▶ **Your assignment**
Word for word, copy all the data and drop the pictures.

Collected data:
+++++
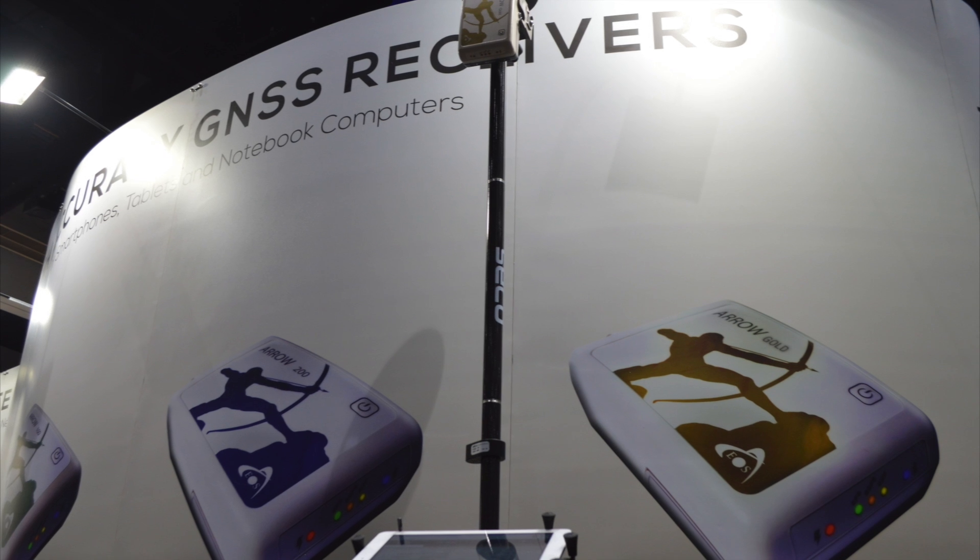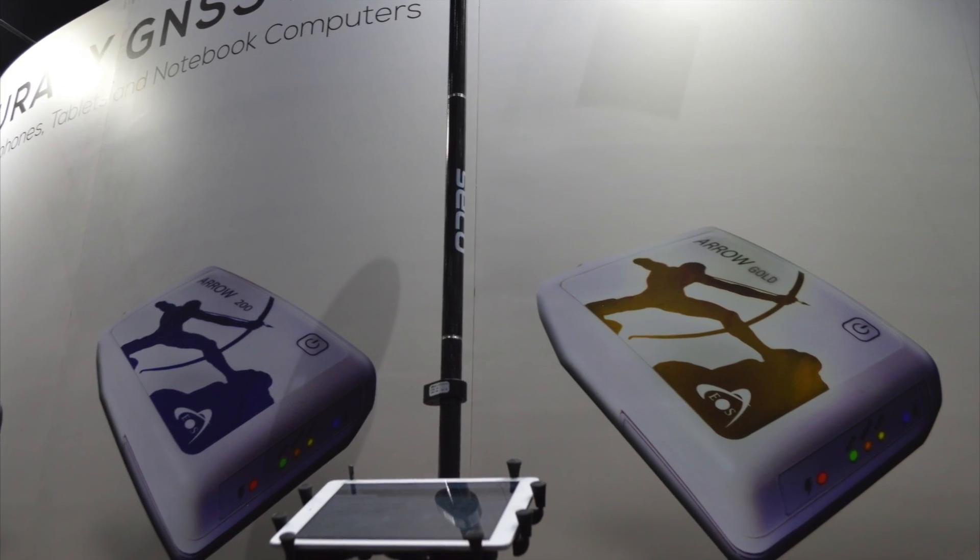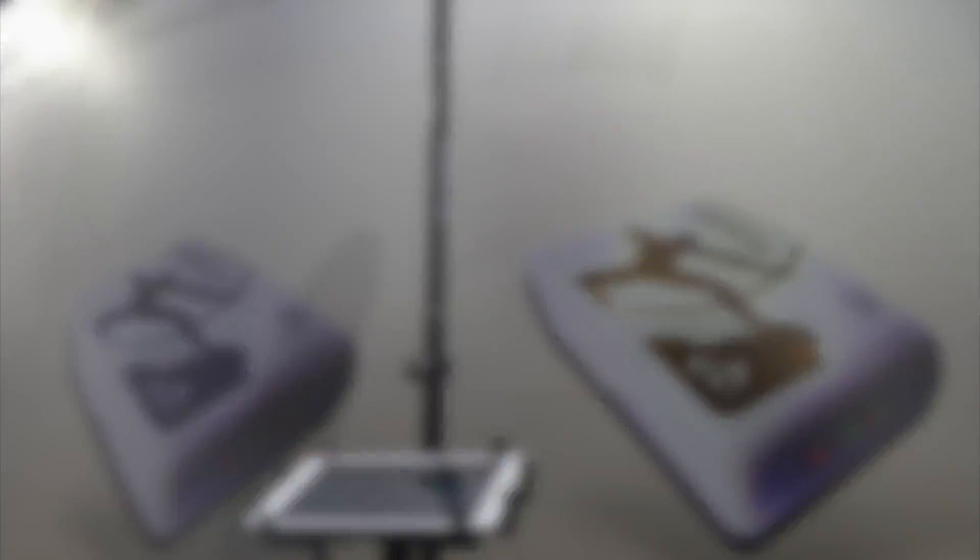Our Arrow Series GNSS receivers are high-accuracy receivers compatible with Collector, running on any platform — whether it's Apple iOS, Android, or Windows. The Arrow receivers bring sub-meter or centimeter accuracy directly into your iPhone, your iPad, your Android tablet — any mobile device of your choice — with the power of Collector running with it.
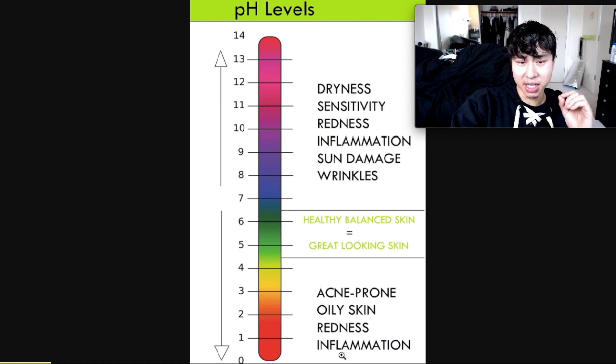If your skin is too acidic, it becomes red, inflamed, and oily, and it's acne prone. And if your skin is too alkaline because you're using super alkaline soaps, it becomes dry, sensitive, red, and inflamed, and you can have wrinkles and sun damage. So it's really important to balance your skin pH level and use products that mimic the acid mantle with a pH of 4.5 to 5.5.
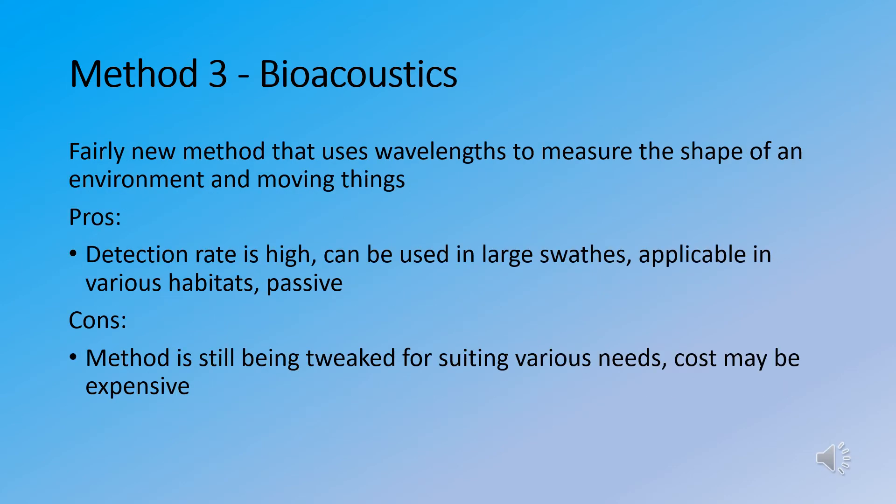Method number three is bioacoustics, a fairly new method that uses wavelengths in aquatic habitats to measure the shape of the environment and moving things. The pros are that the detection rate is high. You place the technology in the water, it sends out wavelengths, and those bounce off moving objects of a certain size — so if you program it to detect things of a specific size you get fairly accurate readings back. It can be used in large swaths and is applicable to various habitats as a passive method.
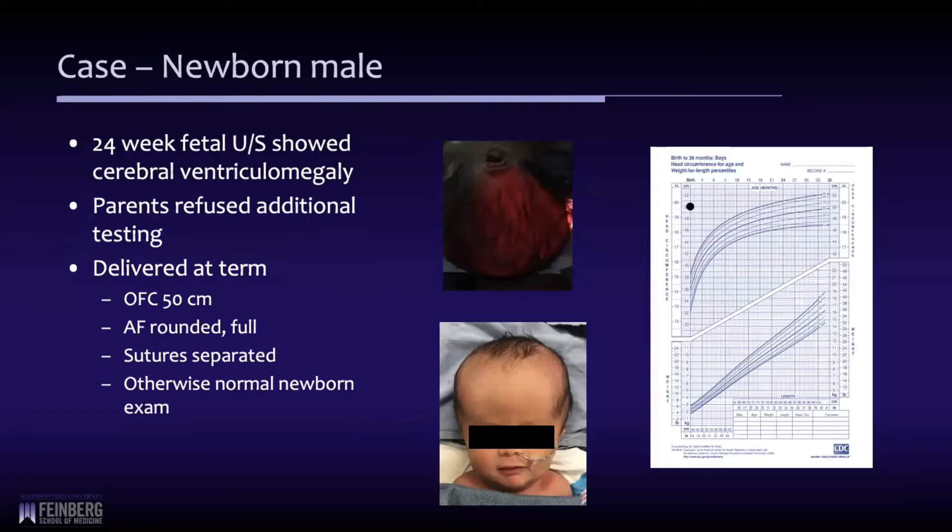This is a child from about a year ago who presented at term with a very large head, transferred from another facility. At 24 weeks, he had a fetal ultrasound that showed cerebral ventriculomegaly, but his parents did not want to undergo any additional testing, so they continued the pregnancy, which was otherwise uneventful. He was delivered at term by cesarean section and transferred to our facility. His OFC was 50 centimeters, and you can see where that falls on his growth chart. His fontanel was rounded and full.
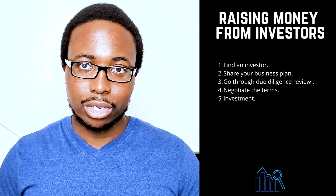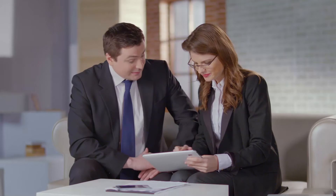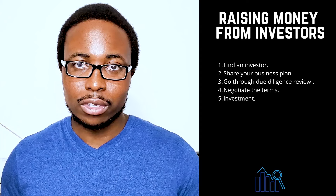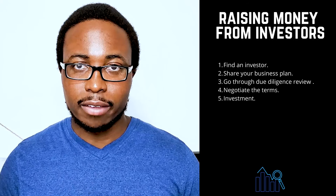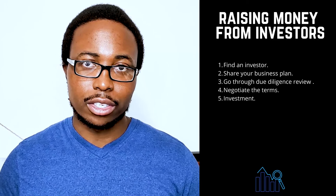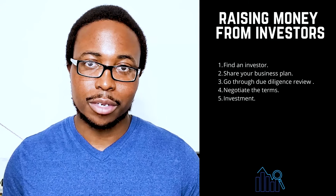There is no certain way to obtain venture capital, but the process generally follows a standard sequence. One: find an investor — look for individual investors, also known as angel investors, or venture capital firms, making sure to conduct background research to determine whether the investor is reputable. Two: share your business plan — the investor will review your business plan to ensure it meets their investment criteria. Most funds focus on a specific industry, geographic region, or stage of business development. Three: go through due diligence reviews — the management team, market, products and services, corporate governance documents, and financial statements will be scrutinized. Four: negotiate the terms — reach an agreement on a term sheet outlining the terms and conditions of the investment. Five: investment — once you agree on a term sheet, you can receive the investment. Venture capital is typically provided in rounds, with additional rounds available as the company achieves milestones.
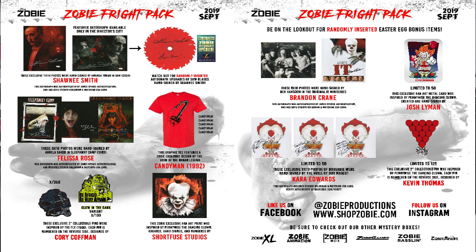That's a lot of Easter eggs and upgrades — that is awesome. See, that's what we offer you. Go like us on Facebook at Zobie Productions or shop at shopzobie.com. Follow us on Instagram as well. Be sure to check out other mystery boxes from the Zobie XL, Zobie Animation, Zobie Box, Zobie Gamer, Zobie Wrestling, and Zobie Anime.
+++++
▶ **Answer**
Our Arrow Series GNSS receivers are high-accuracy receivers compatible with Collector, running on any platform — whether it's Apple iOS, Android, or Windows. The Arrow receivers bring sub-meter or centimeter accuracy directly into your iPhone, your iPad, your Android tablet — any mobile device of your choice — with the power of Collector running with it.
If your skin is too acidic, it becomes red, inflamed, and oily, and it's acne prone. And if your skin is too alkaline because you're using super alkaline soaps, it becomes dry, sensitive, red, and inflamed, and you can have wrinkles and sun damage. So it's really important to balance your skin pH level and use products that mimic the acid mantle with a pH of 4.5 to 5.5.
Method number three is bioacoustics, a fairly new method that uses wavelengths in aquatic habitats to measure the shape of the environment and moving things. The pros are that the detection rate is high. You place the technology in the water, it sends out wavelengths, and those bounce off moving objects of a certain size — so if you program it to detect things of a specific size you get fairly accurate readings back. It can be used in large swaths and is applicable to various habitats as a passive method.
This is a child from about a year ago who presented at term with a very large head, transferred from another facility. At 24 weeks, he had a fetal ultrasound that showed cerebral ventriculomegaly, but his parents did not want to undergo any additional testing, so they continued the pregnancy, which was otherwise uneventful. He was delivered at term by cesarean section and transferred to our facility. His OFC was 50 centimeters, and you can see where that falls on his growth chart. His fontanel was rounded and full.
There is no certain way to obtain venture capital, but the process generally follows a standard sequence. One: find an investor — look for individual investors, also known as angel investors, or venture capital firms, making sure to conduct background research to determine whether the investor is reputable. Two: share your business plan — the investor will review your business plan to ensure it meets their investment criteria. Most funds focus on a specific industry, geographic region, or stage of business development. Three: go through due diligence reviews — the management team, market, products and services, corporate governance documents, and financial statements will be scrutinized. Four: negotiate the terms — reach an agreement on a term sheet outlining the terms and conditions of the investment. Five: investment — once you agree on a term sheet, you can receive the investment. Venture capital is typically provided in rounds, with additional rounds available as the company achieves milestones.
That's a lot of Easter eggs and upgrades — that is awesome. See, that's what we offer you. Go like us on Facebook at Zobie Productions or shop at shopzobie.com. Follow us on Instagram as well. Be sure to check out other mystery boxes from the Zobie XL, Zobie Animation, Zobie Box, Zobie Gamer, Zobie Wrestling, and Zobie Anime.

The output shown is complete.